A Comparison between CODYRUN and TRNSYS, simulation models for thermal buildings behaviour
Simulation codes of thermal behaviour could significantly improve housing construction design. Among the existing software, CODYRUN and TRNSYS are calculations codes of different conceptions. CODYRUN is exclusively dedicated to housing thermal behaviour, whereas TRNSYS is more generally used on any thermal system. The purpose of this article is to compare these two instruments in two different conditions . We will first modelize a mono-zone test cell, and analyse the results by means of signal treatment methods. Then, we will modelize a real case of multi-zone housing, representative of housing in wet tropical climates. We could so evaluate influences of meteorological and building description data on model errors.
💡 Research Summary
This paper presents a systematic comparison between two widely used building thermal simulation tools—CODYRUN and TRNSYS—focusing on their performance in predicting the thermal behavior of residential buildings under different conditions. The authors adopt a two‑stage methodology. In the first stage, a mono‑zone test cell with well‑characterized envelope properties and a controlled interior environment is simulated using both programs. Identical meteorological inputs (outdoor temperature, relative humidity, solar irradiance) and building parameters (wall thickness, conductivity, window area and transmittance) are supplied to each model. CODYRUN employs a dedicated residential heat‑transfer formulation that solves radiative and convective exchanges through a set of coupled differential equations, whereas TRNSYS utilizes the multi‑zone Type 56 module, which treats each zone as a node in a thermal‑hydraulic network. The simulated indoor temperature and humidity are compared against measured data, and error metrics such as mean absolute error (MAE), root‑mean‑square error (RMSE), and correlation coefficient (R) are calculated. To gain deeper insight into the dynamic behavior, the authors apply signal‑processing techniques: time‑frequency analysis isolates daily cycles and rapid transients, while spectral density estimation of residuals characterizes stochastic noise. Results show that CODYRUN reproduces the test cell temperature with an average deviation of about 0.6 °C and captures solar‑induced spikes more accurately, whereas TRNSYS, despite its detailed internal heat‑source and ventilation modeling, exhibits larger sensitivity to envelope conductivity assumptions, leading to errors up to 1.2 °C under the same conditions.

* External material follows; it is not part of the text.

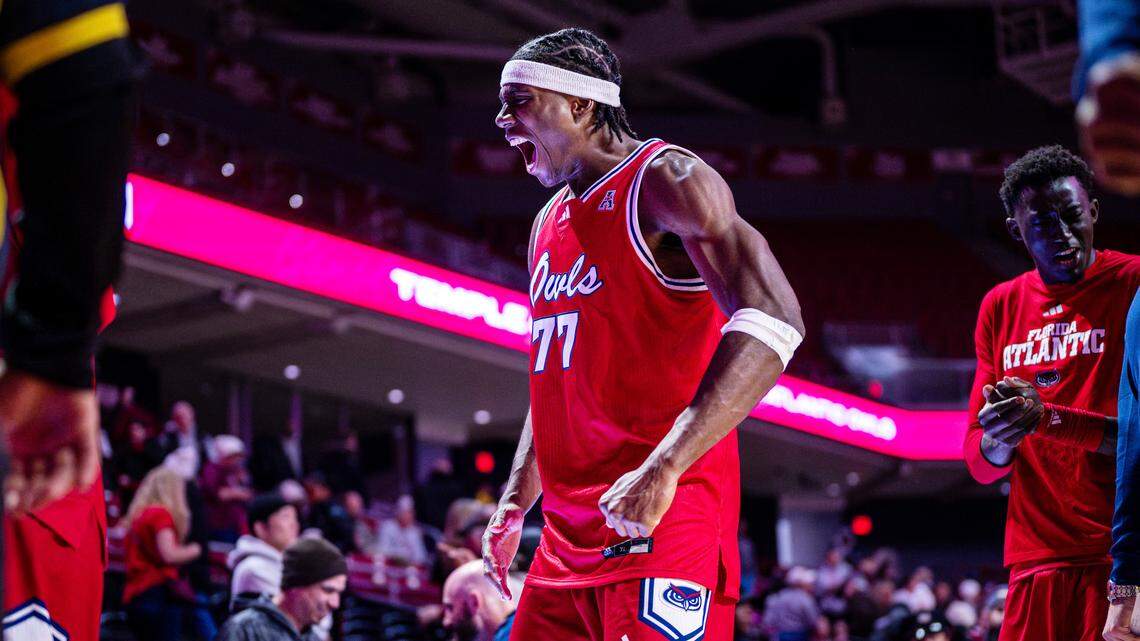 Maxim Logue (77) of the Florida Atlantic Owls celebrates after an NCAA men's basketball game at the Liacouras Center in Philadelphia, United States, on January 18, 2026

The second stage extends the comparison to a real multi‑zone dwelling located in a wet tropical climate, characterized by high ambient temperatures, elevated humidity, and frequent heavy rainfall. The house comprises living, sleeping, and kitchen zones, each with distinct occupancy schedules, natural ventilation rates, and a modest solar‑collector system. CODYRUN’s built‑in moisture dynamics module predicts relative humidity with an average absolute error below 5 %, while TRNSYS, whose humidity treatment is comparatively simplified, shows errors exceeding 10 % during nighttime periods when outdoor humidity changes abruptly. Both tools are found to be highly sensitive to the temporal resolution of weather data (hourly versus 15‑minute) and to the accuracy of material thermal‑capacity inputs. Sensitivity analyses reveal that CODYRUN’s output is most affected by variations in envelope U‑values, indicating its strength in envelope‑focused design optimization. Conversely, TRNSYS displays greater sensitivity to ventilation flow rates and the distribution of internal heat gains, underscoring its suitability for integrated HVAC and renewable‑energy system studies.

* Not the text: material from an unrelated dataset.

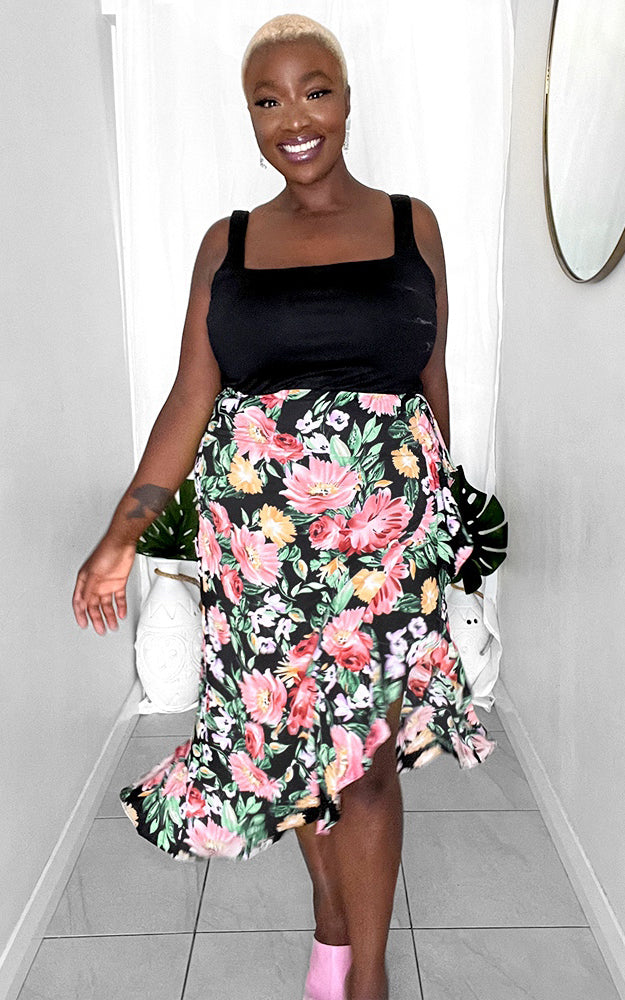 Kiki Skirt - Black Floral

Overall, the study concludes that CODYRUN is better suited for detailed residential thermal and hygro‑thermal performance assessments, especially in climates where envelope properties and moisture control dominate the energy balance. TRNSYS, with its flexible modular architecture, excels in scenarios requiring the coupling of multiple subsystems (e.g., solar thermal, HVAC, district heating) but demands precise envelope data to avoid amplified errors. The authors recommend selecting the simulation platform based on the specific objectives of the design phase: CODYRUN for high‑fidelity zone‑level thermal analysis and TRNSYS for broader system‑level investigations. By providing quantitative error assessments and highlighting the influence of input data quality, this paper offers practical guidance for engineers, researchers, and policymakers engaged in building energy modeling and performance‑based design.